▶ _WHAT THIS TASK INVOLVES_:
In the entries below, find the line containing "Minton Fine Bone China", then copy it and every later line exactly, ending with the last line.

[Collected data entries]

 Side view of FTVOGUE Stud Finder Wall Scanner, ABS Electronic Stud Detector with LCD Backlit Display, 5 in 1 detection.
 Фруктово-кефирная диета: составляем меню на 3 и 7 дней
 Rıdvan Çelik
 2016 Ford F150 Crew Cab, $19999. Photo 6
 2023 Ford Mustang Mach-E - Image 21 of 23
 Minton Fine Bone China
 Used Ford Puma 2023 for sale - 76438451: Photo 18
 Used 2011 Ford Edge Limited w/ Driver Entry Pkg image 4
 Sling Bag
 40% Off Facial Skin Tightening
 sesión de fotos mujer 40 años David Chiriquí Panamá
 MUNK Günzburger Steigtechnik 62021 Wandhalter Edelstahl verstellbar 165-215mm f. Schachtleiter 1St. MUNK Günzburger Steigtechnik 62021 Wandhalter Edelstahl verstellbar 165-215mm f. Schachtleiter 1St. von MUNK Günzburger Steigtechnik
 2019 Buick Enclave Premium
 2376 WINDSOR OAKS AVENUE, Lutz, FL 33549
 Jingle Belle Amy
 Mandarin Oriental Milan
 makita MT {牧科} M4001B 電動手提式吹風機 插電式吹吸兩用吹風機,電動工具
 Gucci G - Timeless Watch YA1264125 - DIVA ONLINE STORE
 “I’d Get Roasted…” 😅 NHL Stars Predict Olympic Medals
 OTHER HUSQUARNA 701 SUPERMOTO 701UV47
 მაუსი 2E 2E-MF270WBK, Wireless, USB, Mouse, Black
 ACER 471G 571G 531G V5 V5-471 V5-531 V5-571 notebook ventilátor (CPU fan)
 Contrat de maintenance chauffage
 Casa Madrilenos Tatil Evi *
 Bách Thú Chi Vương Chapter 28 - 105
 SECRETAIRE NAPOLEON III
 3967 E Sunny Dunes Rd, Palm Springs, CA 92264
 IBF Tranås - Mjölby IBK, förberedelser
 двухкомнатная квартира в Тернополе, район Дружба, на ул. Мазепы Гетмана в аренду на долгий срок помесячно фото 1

▶ _PROBLEM SOLUTION_:
 Minton Fine Bone China
 Used Ford Puma 2023 for sale - 76438451: Photo 18
 Used 2011 Ford Edge Limited w/ Driver Entry Pkg image 4
 Sling Bag
 40% Off Facial Skin Tightening
 sesión de fotos mujer 40 años David Chiriquí Panamá
 MUNK Günzburger Steigtechnik 62021 Wandhalter Edelstahl verstellbar 165-215mm f. Schachtleiter 1St. MUNK Günzburger Steigtechnik 62021 Wandhalter Edelstahl verstellbar 165-215mm f. Schachtleiter 1St. von MUNK Günzburger Steigtechnik
 2019 Buick Enclave Premium
 2376 WINDSOR OAKS AVENUE, Lutz, FL 33549
 Jingle Belle Amy
 Mandarin Oriental Milan
 makita MT {牧科} M4001B 電動手提式吹風機 插電式吹吸兩用吹風機,電動工具
 Gucci G - Timeless Watch YA1264125 - DIVA ONLINE STORE
 “I’d Get Roasted…” 😅 NHL Stars Predict Olympic Medals
 OTHER HUSQUARNA 701 SUPERMOTO 701UV47
 მაუსი 2E 2E-MF270WBK, Wireless, USB, Mouse, Black
 ACER 471G 571G 531G V5 V5-471 V5-531 V5-571 notebook ventilátor (CPU fan)
 Contrat de maintenance chauffage
 Casa Madrilenos Tatil Evi *
 Bách Thú Chi Vương Chapter 28 - 105
 SECRETAIRE NAPOLEON III
 3967 E Sunny Dunes Rd, Palm Springs, CA 92264
 IBF Tranås - Mjölby IBK, förberedelser
 двухкомнатная квартира в Тернополе, район Дружба, на ул. Мазепы Гетмана в аренду на долгий срок помесячно фото 1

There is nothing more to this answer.